**Try it:**
Down to the final line, write out the material beneath exactly, without pictures.

**Dataset section:**
-=-=-

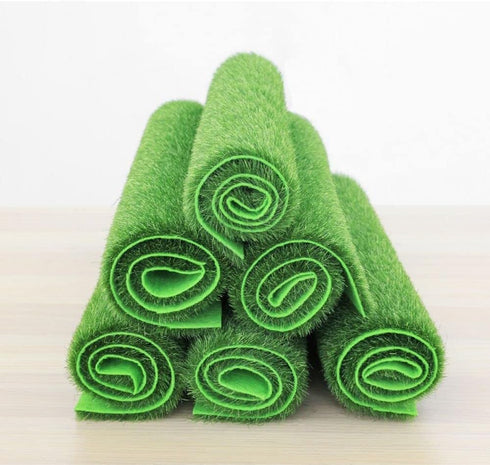 4 Packs Fake Grass for Crafts Artificial Garden Grass for Dollhouse 6 X 6 Inches Miniature Ornament Garden Dollhouse DIY Grass...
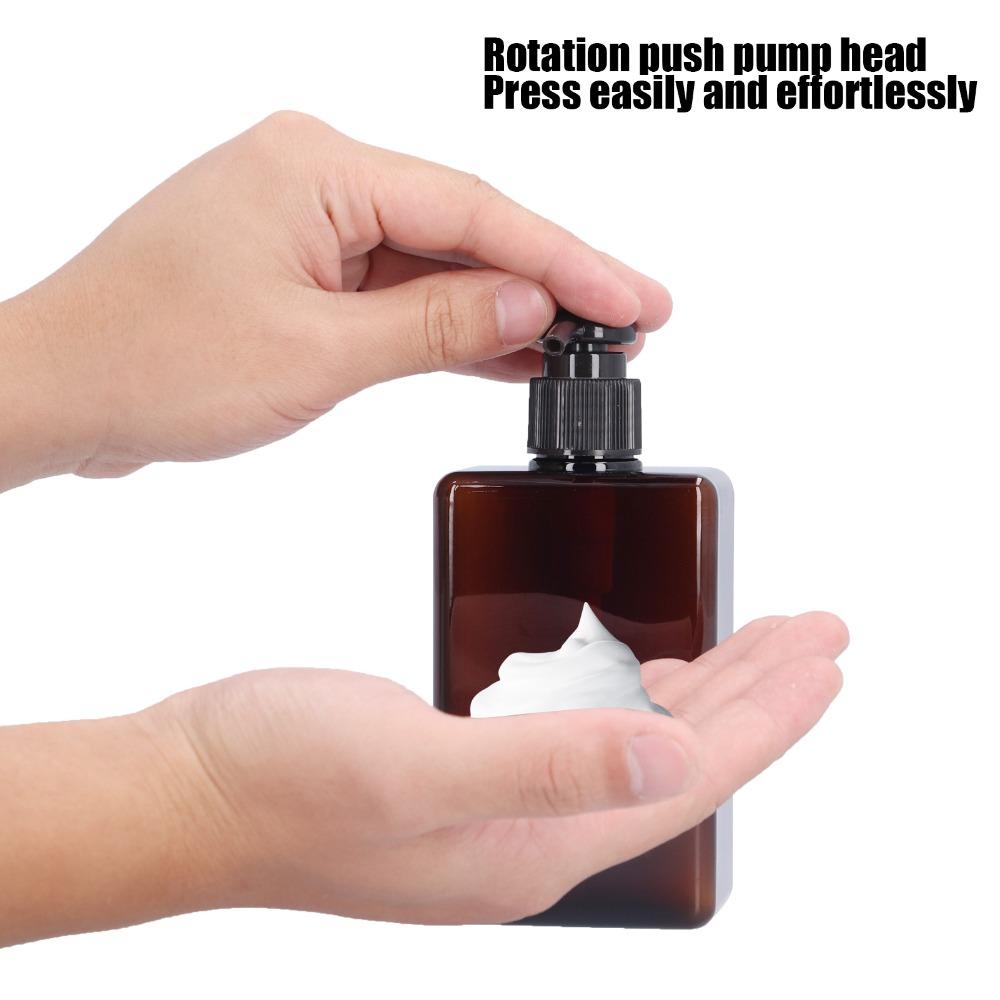 3Pcs Amber Brown Pump Bottle Leakproof Pump Head Travel Bottle Portable Lotion Container Face Wash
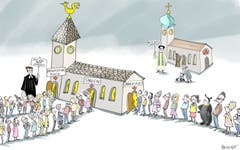 Ohne Predigt Das Seelsorgeteam der evangelisch-reformierten Kirchgemeinde Straubenzell hat sich ein temporäres Predigtverbot auferlegt. Statt einer Predigt sind im Mai Theater, Gesang und Workshops im Angebot. Die ersten Erfahrungen sind positiv, den Gottesdienstbesuchern gefällt’s. Noch halten die Katholiken an der Sonntagspredigt fest. (Illustration: Corinne Bromundt)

-=-=-

**Exercise response:**
 4 Packs Fake Grass for Crafts Artificial Garden Grass for Dollhouse 6 X 6 Inches Miniature Ornament Garden Dollhouse DIY Grass...
 3Pcs Amber Brown Pump Bottle Leakproof Pump Head Travel Bottle Portable Lotion Container Face Wash
 Ohne Predigt Das Seelsorgeteam der evangelisch-reformierten Kirchgemeinde Straubenzell hat sich ein temporäres Predigtverbot auferlegt. Statt einer Predigt sind im Mai Theater, Gesang und Workshops im Angebot. Die ersten Erfahrungen sind positiv, den Gottesdienstbesuchern gefällt’s. Noch halten die Katholiken an der Sonntagspredigt fest. (Illustration: Corinne Bromundt)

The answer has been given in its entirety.